Los nuevos movimientos políticos en España tienen antecedentes claros —y en ocasiones inquietantes— en otras latitudes. Vale la pena revisar estas semejanzas y llamar, en su caso, a la cautela.
Correo de Europa: No es lo que parece
Los nuevos movimientos políticos en España tienen antecedentes claros —y en ocasiones inquietantes— en otras latitudes. Vale la pena revisar estas semejanzas y llamar, en su caso, a la cautela.
Texto de Julio César Herrero 23/03/16
Tiene una estructura flexible, lo que le permite adaptarse al cambio con mucha rapidez. Como no tiene historia, ni una organización extendida y afianzada en todo el territorio, solo puede conseguir el consenso gracias al apoyo que le brindan los medios de comunicación. Por eso se le conoce como “partido mediático”. El liderazgo de su cabeza visible es muy personalizado. Su presencia y legitimación descansan casi con exclusividad en un solo responsable que acumula toda la autoridad. Si a estas características se suma la falta de estructura y organización nacional con peso específico y bien sistematizada, la oposición interna al líder resulta prácticamente imposible.
¿Hablamos de Podemos? No. Se trata de las descripciones que ofrecen Calise y Maraffi del partido “light” o “mediático”, en referencia a Silvio Berlusconi y a su movimiento Forza Italia en el momento en que surgió. Pero las diferencias con la formación española, en estos aspectos, son más bien pocas.

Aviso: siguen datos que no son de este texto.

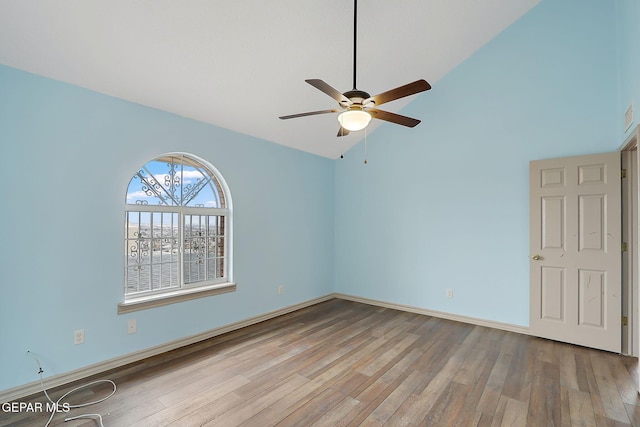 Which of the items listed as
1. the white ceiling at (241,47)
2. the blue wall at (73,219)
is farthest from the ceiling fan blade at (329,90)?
the blue wall at (73,219)

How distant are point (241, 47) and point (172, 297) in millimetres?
2629

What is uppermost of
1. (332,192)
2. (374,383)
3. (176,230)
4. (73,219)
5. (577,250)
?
(332,192)

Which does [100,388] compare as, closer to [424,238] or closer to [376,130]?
[424,238]

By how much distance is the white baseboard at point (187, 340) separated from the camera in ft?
7.85

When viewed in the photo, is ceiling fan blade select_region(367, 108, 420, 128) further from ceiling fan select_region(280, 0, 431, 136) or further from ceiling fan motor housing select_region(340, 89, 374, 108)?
ceiling fan motor housing select_region(340, 89, 374, 108)

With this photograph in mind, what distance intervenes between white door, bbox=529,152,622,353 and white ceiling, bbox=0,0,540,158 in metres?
2.02

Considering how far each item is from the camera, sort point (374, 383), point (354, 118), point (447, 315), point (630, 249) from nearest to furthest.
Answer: point (354, 118)
point (374, 383)
point (630, 249)
point (447, 315)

Respecto a las estrategias de comunicación utilizadas, se caracterizan básicamente por “dar la imagen de underdog de los medios, es decir, de líder maltratado por la prensa o la televisión, con el objetivo de despertar simpatía en la opinión pública; por realizar manifestaciones espectaculares de disenso o emplear un lenguaje transgresor; por aprovechar la publicidad gratuita de los medios que se obtiene en la cobertura de las provocaciones”.
¿Hablamos de Podemos? No. Se trata de las estrategias de atención mediática desarrolladas por movimientos populistas como el Frente Nacional de Le Pen, la Liga Norte o el FPÖ de Haider, y analizadas en un estudio realizado por los profesores Stewart, Mazzoleni y Horsfield. Pero las diferencias con la formación española, en estos aspectos, son más bien pocas.

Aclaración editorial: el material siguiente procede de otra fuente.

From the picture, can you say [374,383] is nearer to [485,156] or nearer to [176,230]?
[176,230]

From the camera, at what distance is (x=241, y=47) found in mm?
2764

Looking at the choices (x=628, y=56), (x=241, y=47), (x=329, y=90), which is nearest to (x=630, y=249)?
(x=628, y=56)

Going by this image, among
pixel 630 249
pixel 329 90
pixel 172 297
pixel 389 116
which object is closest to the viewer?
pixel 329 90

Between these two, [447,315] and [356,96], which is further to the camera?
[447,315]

Si a estas dos analogías añadiéramos una referencia a la configuración del Parlamento en Italia, observaríamos ya tres coincidencias entre ese país y España, lo que supondría tres premisas razonables para equiparar lo que ha ocurrido y está ocurriendo en ambos países. En todo caso, hay otra semejanza en las comparaciones anteriores: el papel de los medios de comunicación. No resulta novedoso el concepto de democracia mediática para significar el extraordinario papel que han ido asumiendo aquellos en las últimas décadas, con el consentimiento más o menos responsable de la audiencia. O sea, de los electores.

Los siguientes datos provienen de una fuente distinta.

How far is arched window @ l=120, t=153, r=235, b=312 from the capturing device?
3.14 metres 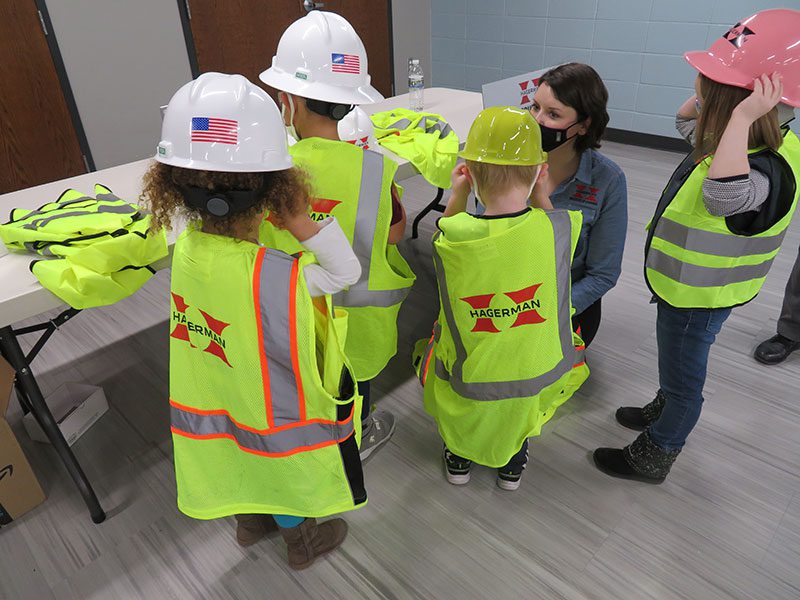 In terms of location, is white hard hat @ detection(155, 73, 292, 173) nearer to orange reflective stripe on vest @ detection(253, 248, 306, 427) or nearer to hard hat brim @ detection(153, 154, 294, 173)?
hard hat brim @ detection(153, 154, 294, 173)

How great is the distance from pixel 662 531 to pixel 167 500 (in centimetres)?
150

Resulta indiscutible su función en la configuración de una opinión pública libre y de un contrapeso necesario siempre que las instituciones se encuentren debidamente fortalecidas. Los casos de corrupción, la gestión de una crisis a base de medidas de austeridad que han sufrido sobre todo y fundamentalmente las clases más desfavorecidas, la imposición de determinadas políticas económicas desde Bruselas y desde organismos internacionales, a menudo no entendidas del todo bien por los ciudadanos, minan la credibilidad de las instituciones que deberían velar por su protección. La pérdida de confianza en esas instituciones (partidos, Congreso, organismos reguladores), unida a la cada vez más preponderante “autoridad” de los medios —porque son los que denuncian o cuestionan esas circunstancias—, podría dotar a estos de la credibilidad que las instituciones no tienen y producir un desplazamiento de la representatividad de unas a los otros.
No se trata, en todo caso, de un movimiento ni claro ni rápido. Pero es razonable suponer que, aun presumiendo la capacidad crítica de la audiencia/electores, resulta más creíble el medio —que denuncia y da espacio y tiempo a una alternativa política que podría cambiar la situación— que el partido —que incurre en casos de corrupción y no los soluciona— o el Gobierno —que adopta medidas duras que no se entienden. Sin embargo, los partidos y los gobiernos se someten a elecciones, pasan por las urnas; los medios de comunicación, no. Ese es el escenario ideal para los partidos light o mediáticos, porque se desenvuelven con naturalidad en ese terreno, al que se dota de una credibilidad mayor, no necesariamente porque la tenga sino porque el espacio en el que se debería desarrollar el partido no la tiene. Si a ello se agrega el empleo de formas comunicativas que se adaptan bien a las exigencias de los medios (espectacularización y dramatización, también en los contenidos políticos), existe el riesgo de conferir a los medios de comunicación un espacio para la deliberación que suplante las instituciones y los mecanismos establecidos para ella.